Ms. Jurczak, the previous owner, said she was still struggling to reconcile happy, ordinary memories of the house with its horrific past.
Recalling her family’s time there, she suddenly stopped herself: “I’m worried that I look like Mrs. Höss,” she said, referring to the commander’s wife, Hedwig Höss. In the film, Mrs. Hoss speaks enthusiastically of her Polish home as “paradise,” and is shown trying on a fur coat stolen from a prisoner her husband sent to slaughter.
The commander’s wife, Mrs. Gorczak, decided after watching the film that she was “probably worse than her husband” in her indifference to human suffering.
While awaiting execution in a Polish prison after the war, Mr. Hoss, a former commandant, wrote an autobiography that Primo Levi, the Italian writer and Auschwitz survivor, described as the work of a “monoton” who “developed step by step into one of the greatest criminals in history.”
The house where Mr. Hoss lived between the two great wars of the last century was built by a Polish military officer who served in a nearby army camp, which the Nazis took over after their invasion of Poland in 1939 and turned into an extermination plant. At least 1.1 million men, women and children were killed there, most of them in gas chambers.
Seized by the SS as the home of the commandant of Auschwitz, who changed the street number to 88, a numerical code for Heil Hitler, the house was returned to its original owner after the war and was later sold to Mr. Gorczak’s husband’s family. Who owned it until last year.
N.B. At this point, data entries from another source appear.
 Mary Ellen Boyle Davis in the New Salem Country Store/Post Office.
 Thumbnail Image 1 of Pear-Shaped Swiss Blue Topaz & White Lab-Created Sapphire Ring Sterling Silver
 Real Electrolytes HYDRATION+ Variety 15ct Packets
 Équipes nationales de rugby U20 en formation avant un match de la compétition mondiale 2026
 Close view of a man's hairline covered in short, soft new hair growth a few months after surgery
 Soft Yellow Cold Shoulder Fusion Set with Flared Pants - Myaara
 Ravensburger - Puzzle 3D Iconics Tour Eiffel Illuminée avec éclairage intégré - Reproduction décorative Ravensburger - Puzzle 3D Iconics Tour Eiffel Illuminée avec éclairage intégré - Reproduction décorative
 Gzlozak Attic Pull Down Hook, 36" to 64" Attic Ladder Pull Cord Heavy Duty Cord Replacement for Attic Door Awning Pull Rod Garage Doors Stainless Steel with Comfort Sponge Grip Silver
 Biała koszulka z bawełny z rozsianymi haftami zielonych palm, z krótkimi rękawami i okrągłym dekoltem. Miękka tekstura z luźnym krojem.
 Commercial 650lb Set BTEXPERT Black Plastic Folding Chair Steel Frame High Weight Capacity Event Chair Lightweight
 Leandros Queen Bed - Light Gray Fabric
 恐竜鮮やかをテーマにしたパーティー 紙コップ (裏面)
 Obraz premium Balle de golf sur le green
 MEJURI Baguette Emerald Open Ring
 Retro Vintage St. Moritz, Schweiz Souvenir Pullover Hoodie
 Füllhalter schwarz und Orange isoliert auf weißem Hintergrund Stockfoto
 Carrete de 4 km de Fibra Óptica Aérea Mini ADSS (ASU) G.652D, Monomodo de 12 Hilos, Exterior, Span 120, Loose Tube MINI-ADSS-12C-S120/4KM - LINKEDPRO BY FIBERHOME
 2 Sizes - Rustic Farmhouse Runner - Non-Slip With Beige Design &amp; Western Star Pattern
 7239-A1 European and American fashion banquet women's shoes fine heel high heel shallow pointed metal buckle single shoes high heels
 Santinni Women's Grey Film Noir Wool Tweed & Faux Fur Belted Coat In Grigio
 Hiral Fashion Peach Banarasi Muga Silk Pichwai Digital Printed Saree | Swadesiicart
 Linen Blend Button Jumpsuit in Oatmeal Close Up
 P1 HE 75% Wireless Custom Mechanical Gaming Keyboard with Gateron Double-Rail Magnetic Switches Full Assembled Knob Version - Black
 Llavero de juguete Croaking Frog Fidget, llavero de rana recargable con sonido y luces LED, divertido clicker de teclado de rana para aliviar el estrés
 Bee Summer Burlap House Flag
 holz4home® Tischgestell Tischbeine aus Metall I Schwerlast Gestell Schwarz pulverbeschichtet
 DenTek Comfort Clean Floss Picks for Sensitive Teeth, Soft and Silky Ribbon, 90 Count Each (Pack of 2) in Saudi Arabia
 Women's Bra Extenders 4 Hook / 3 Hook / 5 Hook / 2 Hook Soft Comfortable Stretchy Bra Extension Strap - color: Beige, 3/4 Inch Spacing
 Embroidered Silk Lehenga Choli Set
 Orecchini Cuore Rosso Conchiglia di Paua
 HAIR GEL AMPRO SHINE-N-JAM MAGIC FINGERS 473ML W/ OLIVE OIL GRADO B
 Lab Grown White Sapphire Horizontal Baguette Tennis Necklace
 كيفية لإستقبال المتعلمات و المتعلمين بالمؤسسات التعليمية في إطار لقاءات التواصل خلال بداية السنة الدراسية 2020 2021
Mr Cywinski, director of the Auschwitz-Birkanau Museum, said he was keen to work with the Anti-Extremism Project, in its efforts to combat extremism.
He said that extremism “unfortunately is not a mental illness; It’s a method that exploits widespread frustration.
He added that ordinary people with ordinary ambitions can turn into monsters.
He said Mr. Hoss “was a wonderful father to his children and, at the same time, the main organizer of the most brutal killings in the history of the world.”
Anatole Magdziarz He contributed reporting from Warsaw.